_Records provided_:
────────

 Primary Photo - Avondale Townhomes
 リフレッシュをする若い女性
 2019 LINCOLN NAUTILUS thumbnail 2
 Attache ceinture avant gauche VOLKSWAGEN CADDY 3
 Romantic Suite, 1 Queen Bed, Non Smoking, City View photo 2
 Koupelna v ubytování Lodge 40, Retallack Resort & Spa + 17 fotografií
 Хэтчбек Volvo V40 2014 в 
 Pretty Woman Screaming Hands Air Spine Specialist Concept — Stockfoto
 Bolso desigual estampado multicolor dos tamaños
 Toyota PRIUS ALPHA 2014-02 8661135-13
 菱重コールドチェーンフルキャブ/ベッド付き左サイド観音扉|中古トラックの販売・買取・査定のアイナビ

────────

_Task item_: Give the records again, complete and exact.

_Response area_:
 Primary Photo - Avondale Townhomes
 リフレッシュをする若い女性
 2019 LINCOLN NAUTILUS thumbnail 2
 Attache ceinture avant gauche VOLKSWAGEN CADDY 3
 Romantic Suite, 1 Queen Bed, Non Smoking, City View photo 2
 Koupelna v ubytování Lodge 40, Retallack Resort & Spa + 17 fotografií
 Хэтчбек Volvo V40 2014 в 
 Pretty Woman Screaming Hands Air Spine Specialist Concept — Stockfoto
 Bolso desigual estampado multicolor dos tamaños
 Toyota PRIUS ALPHA 2014-02 8661135-13
 菱重コールドチェーンフルキャブ/ベッド付き左サイド観音扉|中古トラックの販売・買取・査定のアイナビ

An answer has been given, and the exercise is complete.